## PROBLEM DETAILS
Below are entries. Reproduce exactly the lines between the line holding "Back View Sweatshirt" and the line holding "Навушники Активні для", inclusive, and only those.

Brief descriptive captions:
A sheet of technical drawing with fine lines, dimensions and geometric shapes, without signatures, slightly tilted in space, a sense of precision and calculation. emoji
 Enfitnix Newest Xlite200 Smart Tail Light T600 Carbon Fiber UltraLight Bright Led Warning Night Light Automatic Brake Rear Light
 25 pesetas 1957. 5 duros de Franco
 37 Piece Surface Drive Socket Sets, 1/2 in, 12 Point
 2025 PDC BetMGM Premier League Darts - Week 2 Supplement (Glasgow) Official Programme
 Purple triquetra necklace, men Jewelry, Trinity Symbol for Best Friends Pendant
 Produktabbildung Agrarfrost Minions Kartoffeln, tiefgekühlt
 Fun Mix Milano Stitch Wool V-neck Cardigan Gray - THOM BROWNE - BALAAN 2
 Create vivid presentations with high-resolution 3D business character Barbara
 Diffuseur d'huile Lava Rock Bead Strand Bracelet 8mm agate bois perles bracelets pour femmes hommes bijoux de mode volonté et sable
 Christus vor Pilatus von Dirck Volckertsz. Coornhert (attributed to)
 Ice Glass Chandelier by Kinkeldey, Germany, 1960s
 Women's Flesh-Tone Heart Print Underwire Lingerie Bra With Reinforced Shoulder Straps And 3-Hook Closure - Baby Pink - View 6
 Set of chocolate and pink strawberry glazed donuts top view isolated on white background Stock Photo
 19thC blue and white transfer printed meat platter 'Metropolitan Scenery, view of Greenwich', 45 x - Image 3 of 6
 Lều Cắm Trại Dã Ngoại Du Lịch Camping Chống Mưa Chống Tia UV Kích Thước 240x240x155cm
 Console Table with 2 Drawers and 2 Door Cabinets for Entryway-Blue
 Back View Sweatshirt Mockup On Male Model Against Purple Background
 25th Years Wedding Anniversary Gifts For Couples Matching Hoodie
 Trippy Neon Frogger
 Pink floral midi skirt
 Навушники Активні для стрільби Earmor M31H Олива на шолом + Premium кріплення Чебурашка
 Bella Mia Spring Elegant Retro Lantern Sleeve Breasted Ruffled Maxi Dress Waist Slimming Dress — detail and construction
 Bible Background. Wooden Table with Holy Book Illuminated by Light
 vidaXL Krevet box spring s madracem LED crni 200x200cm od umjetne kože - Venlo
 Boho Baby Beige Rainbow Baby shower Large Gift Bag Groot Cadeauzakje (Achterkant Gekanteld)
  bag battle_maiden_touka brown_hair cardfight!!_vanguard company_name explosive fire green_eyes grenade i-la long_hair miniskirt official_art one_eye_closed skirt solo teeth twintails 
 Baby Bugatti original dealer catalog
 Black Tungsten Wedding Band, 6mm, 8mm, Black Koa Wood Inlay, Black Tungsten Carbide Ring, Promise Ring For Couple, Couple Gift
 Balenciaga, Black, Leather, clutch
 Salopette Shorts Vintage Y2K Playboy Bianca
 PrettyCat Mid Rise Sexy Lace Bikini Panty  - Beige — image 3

## ANSWER SPACE
 Back View Sweatshirt Mockup On Male Model Against Purple Background
 25th Years Wedding Anniversary Gifts For Couples Matching Hoodie
 Trippy Neon Frogger
 Pink floral midi skirt
 Навушники Активні для стрільби Earmor M31H Олива на шолом + Premium кріплення Чебурашка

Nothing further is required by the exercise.